An in-sample test is like giving a student the answer key while they take the test. They'll get a perfect score, but you’ve learned nothing about what they actually know. This is how Split Ticket’s model works. It builds its predictions using the very data it's trying to predict.
An out-of-sample test is the right way: you train the student on old exams, and then test them on a new one they’ve never seen before. Their score on the new test tells you how well they can actually perform.
Our BG-WAR model was built to predict the 2024 elections, we only trained the model on data from before 2024. To predict 2022, we only used data from other election cycles, and so on. Our model never saw the answers ahead of time.
G. Elliott Morris's WAR measure, which uses more transparent methods, finds effects of 1 to 1.5 percentage points. Our supplementary analyses using various model specifications consistently find effects under 3 percentage points, with most showing no statistically significant effect at all.
Split Ticket's WAR also has smaller biases, such as using two-party presidential vote share, which penalizes progressives like Ilhan Omar who run in districts with high third-party voting.
Our paper uses multiple identification strategies and finds null effects across all specifications. These results are consistent with other recent political science research showing that candidate ideology has minimal effects in the contemporary polarized environment. Full paper available at: https://sites.google.com/view/jakegrumbach/working-papers.








"But the value of understanding electability is not in figuring out how to win safe seats by greater margins. It lies in the clues it provides to winning swing voters who could tip the balance in battleground districts. Nominating candidates who are relatively more extreme can cost a party seats, while nominating contenders who are more moderate can gain them seats." - LJ
FWIW, I think he's relatively correct in his prescription and solution of a key problem: battleground states are difficult to win, and nominating moderates relative to progressives can help tip those scales favorable to Dems at large. Given that GEM also found an effect of 1-1.5 points, it seems that at least that is directionally correct. If the effect is overstated, that seems like a technical argument that I'm glad you three are having.
Note on the Aaron Judge metaphor - I think ST's WAR does not tell people that changing their name to Aaron Judge means that they'll do better.

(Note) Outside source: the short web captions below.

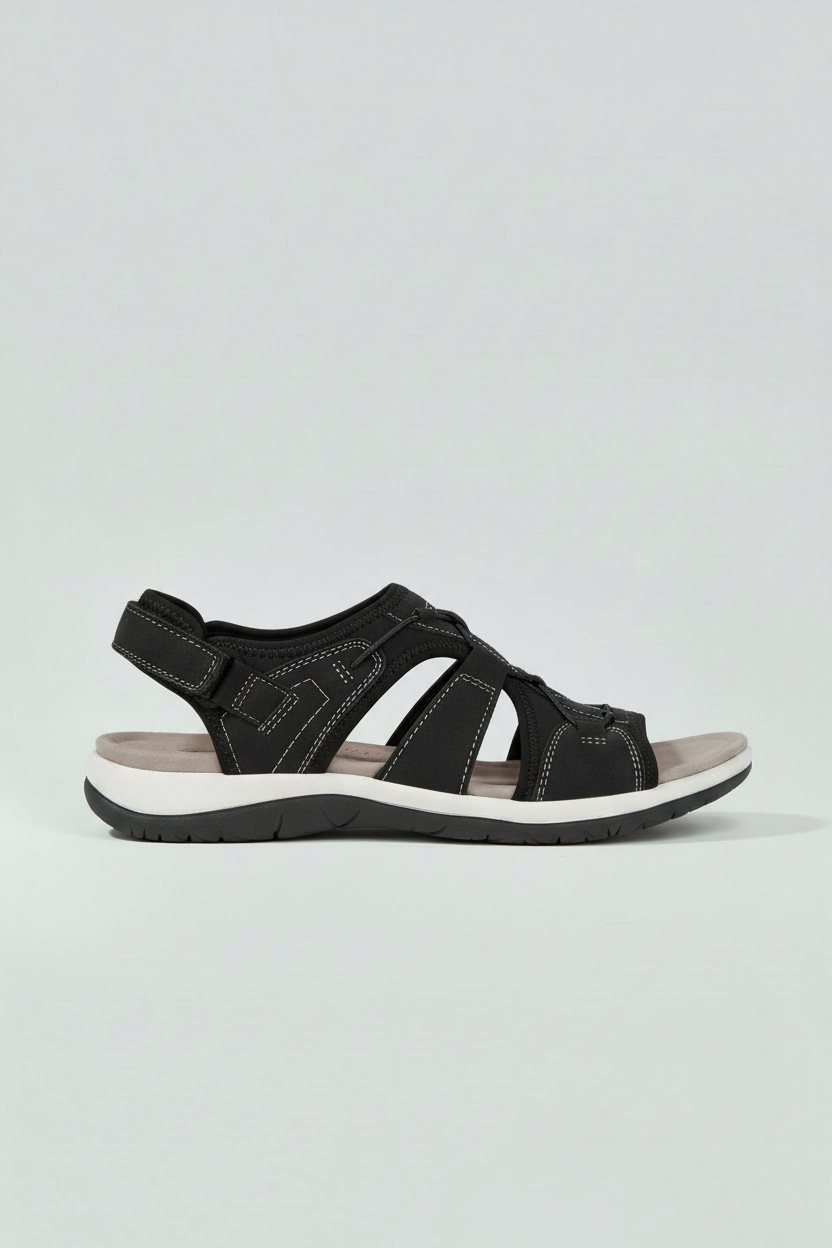 Women's Adjustable Strap Sandals | Open Toe Everyday Comfort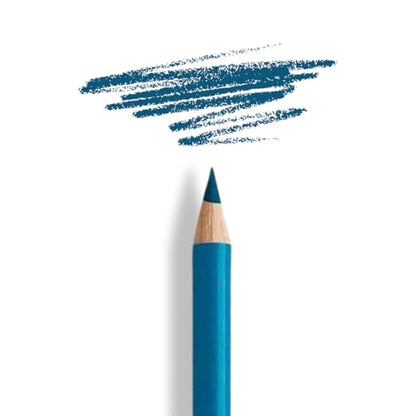 Faber-Castell Polychromos Artists' Single Pencil - Colour 153 Cobalt Turquoise - color: Cobalt Turquoise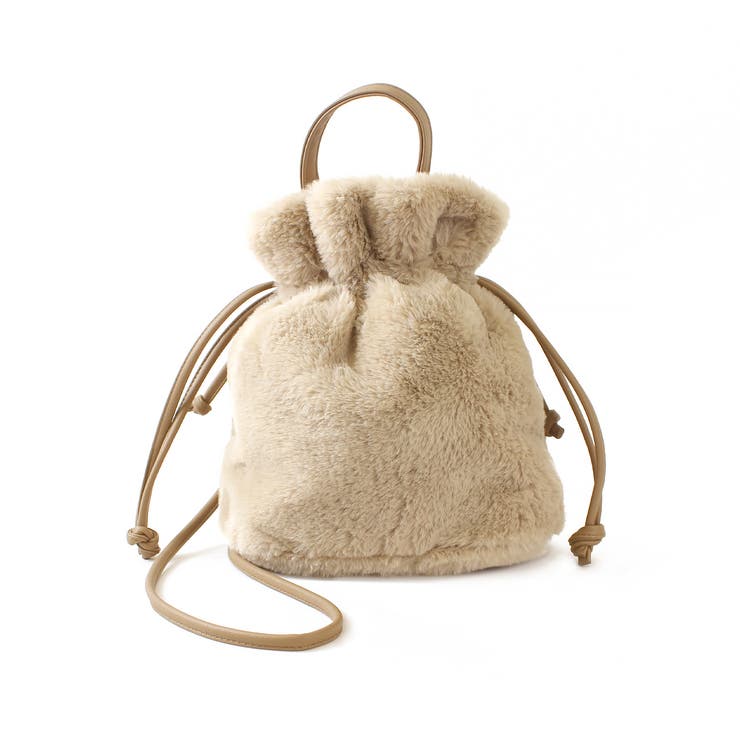 Pelliccia visone vera ショルダーバッグ ファーバッグ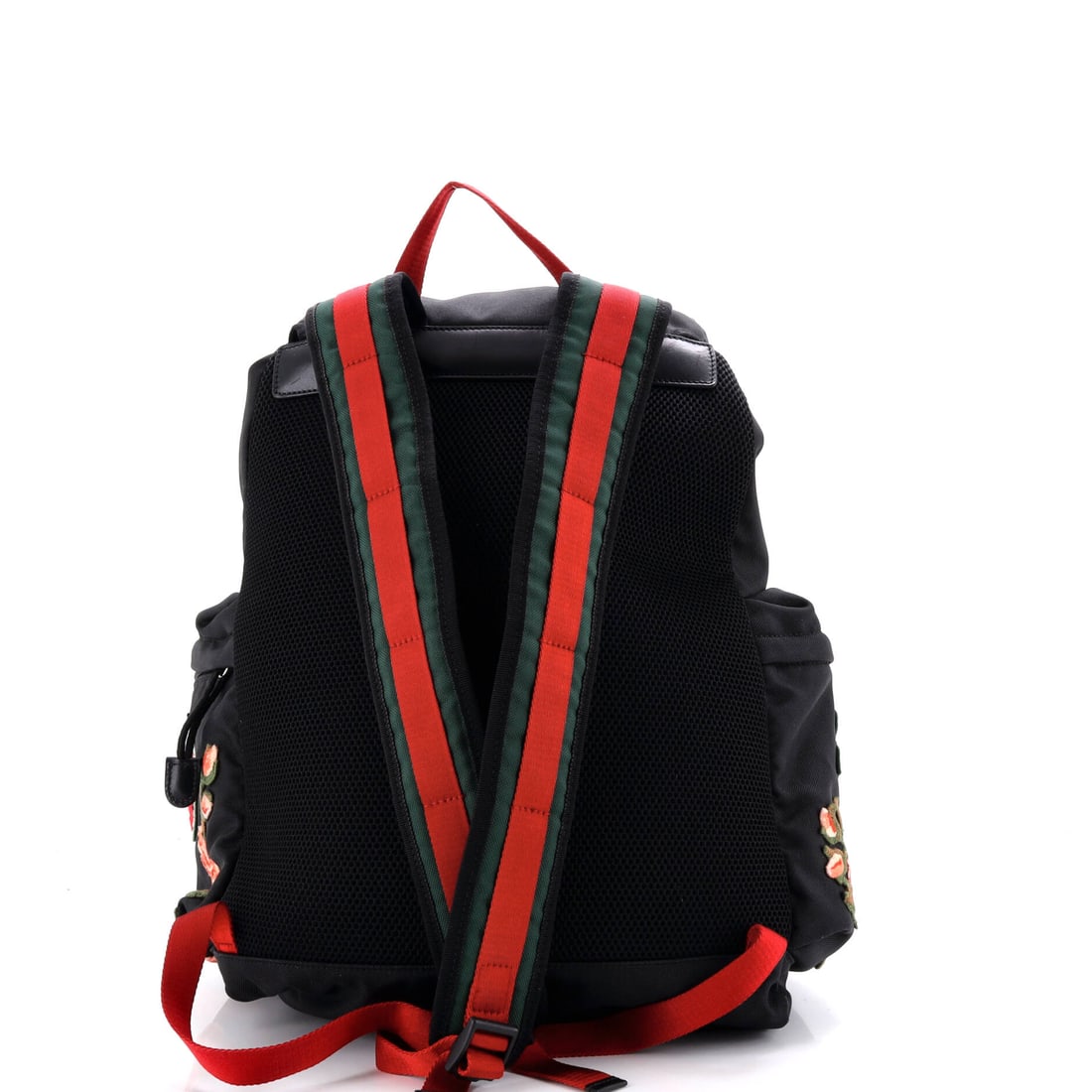 Gucci Techpack Backpack Embroidered Techno Canvas - 2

I think it communicates "players that bat worse than Aaron Judge could consider trying some of things that Aaron Judge does." And sure, maybe Aaron Judge is so unique and context specific that no batters should consider trying what Aaron Judge uses to be such a good player.
But at the very least, I think it's valuable to study how the Aaron Judge's habits with batting rather than trying to say "Because we don't know what can drive batting performance, there's no value in Max Kepler trying to learn from Aaron Judge."
While the quantitative argument presented here is fairly convincing on its own, I think there's a qualitative argument to make, which you may have intentionally not included so as to not muddy your argument.
It goes like this: progressive candidates often face more brutal primaries, more attacks from within, undermining by the Democratic party, itself, which then makes subpar performance of these candidates more likely in the general election. Let's take the Mamdani situation as an example. He's currently heavily favored to win, with some models suggesting a 75% probability of a win. While that feels large, especially in our era of frequent toss-up elections, note that it's not that different from what 538 predicted for Clinton in 2016, so it's hardly certain.
Now imagine if Mamdani had the backing of the party, all of the notable endorsements, and didn't have massive media machines organized against him. Do all of these things hurt his election chances? Maybe we're at the point where too many mainstream endorsements are actually harmful. But my gut still tells me that the Democratic nominee would be a shoo-in for an election in this anti-Trump political environment, and it's the "Democratic" moderates, themselves, who are preventing this.